Filed February 18, 2021
   
File No. 333-253230

Ladies and Gentlemen:

This letter sets forth the response of Software Acquisition Group Inc. III (the “Company” or “SWAG”) to the comments of the staff of the Division of Corporate Finance (the “Staff”) of the Securities and Exchange Commission set forth in your letter dated March 15, 2021, with respect to the above referenced Registration Statement on Form S-1 (the “Registration Statement”). Concurrently with the submission of this letter, the Company is filing amendment no. 1 to the Registration Statement on Form S-1 (the “Revised Registration Statement”). Capitalized terms used but not otherwise defined herein shall have the meanings ascribed thereto in the Registration Statement.

Set forth below is the Company’s response to the Staff’s comments. For the Staff’s convenience, we have incorporated your comments into this response letter in italics.

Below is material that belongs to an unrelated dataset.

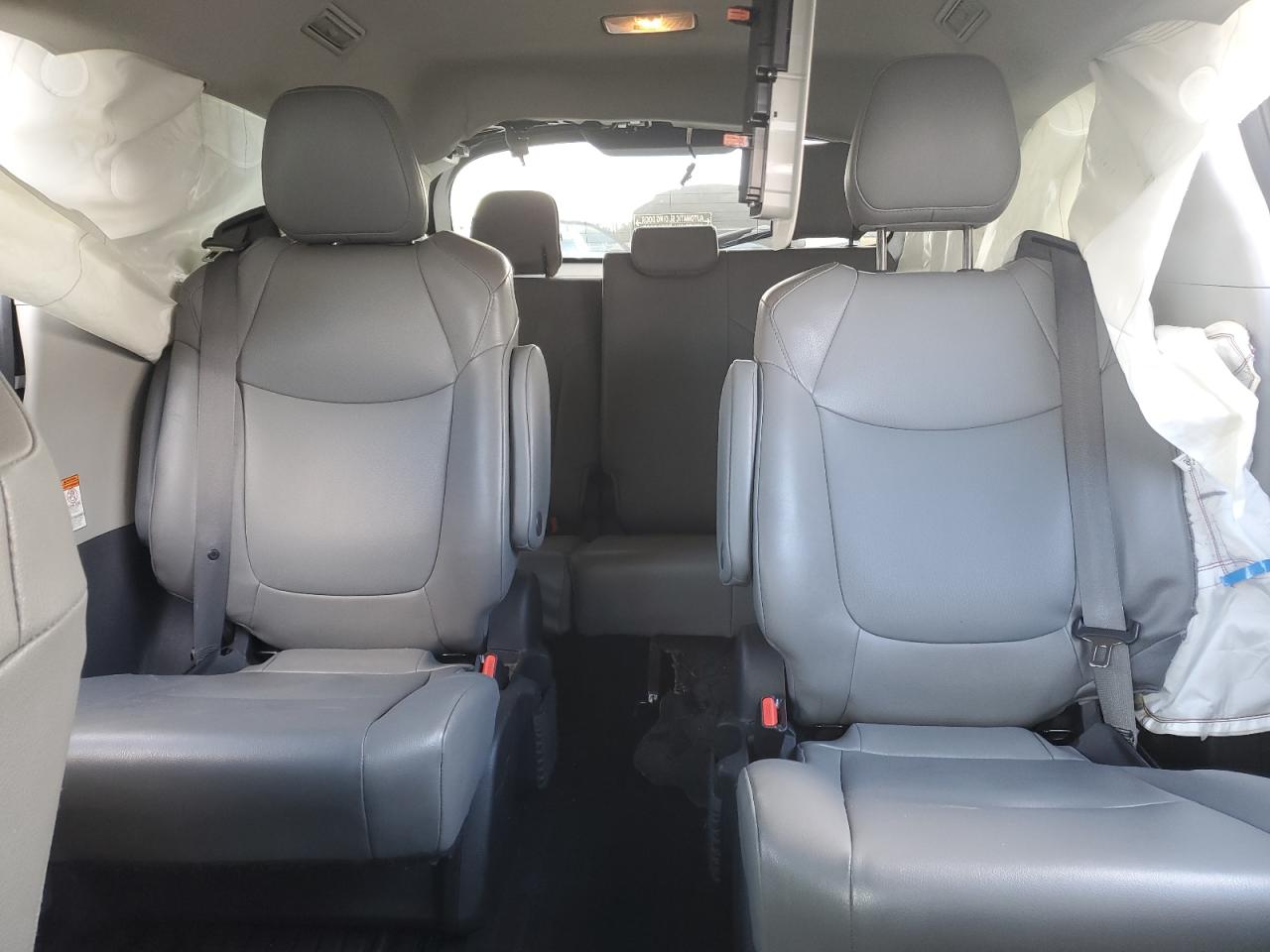 2022 TOYOTA SIENNA XLE VIN:5TDJRKECXNS090870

Registration Statement on Form S-1

Summary - Exercise Period, page 10

1.            Staff’s comment:

We note that you are registering the offering of the shares of common stock underlying the warrants because the warrants may be exercisable within one year. However, your disclosure reflects that as soon as practicable, but in no event later than 15 business days after the closing of your business combination you will use your best efforts to file a new or post effective amendment to the registration statement. Please clarify your disclosure under Summary, Risk Factors and Description of Securities regarding the current registration of shares underlying the warrants and your plans to file Section 10(a)(3) updates.



Response:

We acknowledge the Staff’s comment and have added disclosure on pages 10-11, 57 and 129 of the Revised Registration Statement to clarify that the Company does not intend to update the prospectus contained in the Registration Statement until after the initial business combination has been consummated.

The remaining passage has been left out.